Revealing Sarah's Motive.

My apologies, but there is to be as yet no relief from The French Lieutenant’s Woman.

After the Great Revelation, the angry response, and the turning on the heel to walk away from the still enigmatic but now seemingly flawed Sarah, Charles takes himself off to an empty church and does what I do frequently:

He splits himself into two people, an upper and a lower self, and then engages in a discourse in the hope of coming to a New Revelation at the end of the argument. (In my case, the upper self usually takes the form of something like an Isis figure; in Charles’s, it’s the figure of Jesus hanging on a cross a little way beyond the rood screen. Changing times, I suppose.)

And then, just like me, he finds the New Revelation. He presumes insight into Sarah’s mind and motive, and knows that her motive was entirely honourable: she was merely using deceit as a means of showing him the love he had for her – to which knowledge he was a stranger, courtesy of the rigid class system and a rich, pretty young bride-to-be called Earnestina. Unfortunately, Charles appears to be overlooking something, as those of us who have revelations are wont to do:

Sarah’s deceit had been to tell Charles that she had disgraced herself with the French lieutenant. He now 'knows' that she lied in order to provoke sympathy and reveal the latent sense of connection in him. But this doesn’t explain why she made the story of her disgrace a matter of public knowledge in Lyme long before Charles came on the scene. If this were me, I would find a way round the objection (in fact, I already have.) In Charles’s case, time will tell. Less than 100 pages to go.

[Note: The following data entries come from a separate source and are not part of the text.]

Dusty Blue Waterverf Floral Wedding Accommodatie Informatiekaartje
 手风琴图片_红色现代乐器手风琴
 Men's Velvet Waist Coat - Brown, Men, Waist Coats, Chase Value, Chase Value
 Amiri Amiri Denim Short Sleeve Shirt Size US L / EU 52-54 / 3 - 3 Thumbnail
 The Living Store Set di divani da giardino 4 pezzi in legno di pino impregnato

But here’s something a little perplexing: As Charles is exulting in his realisation that he can have Sarah after all, we come across the following sentence:

Another scene leapt unbidden into his mind: Lady Bella faced with Sarah.

Who is Lady Bella? I recall no character of that name being heretofore mentioned. Who is she, and why does she suddenly appear as an adversary whom Sarah will handle better than Earnestina could? This is a damnably odd coincidence, and like all damnably odd coincidences, it’s probably entirely meaningless. But it’s still damnably odd.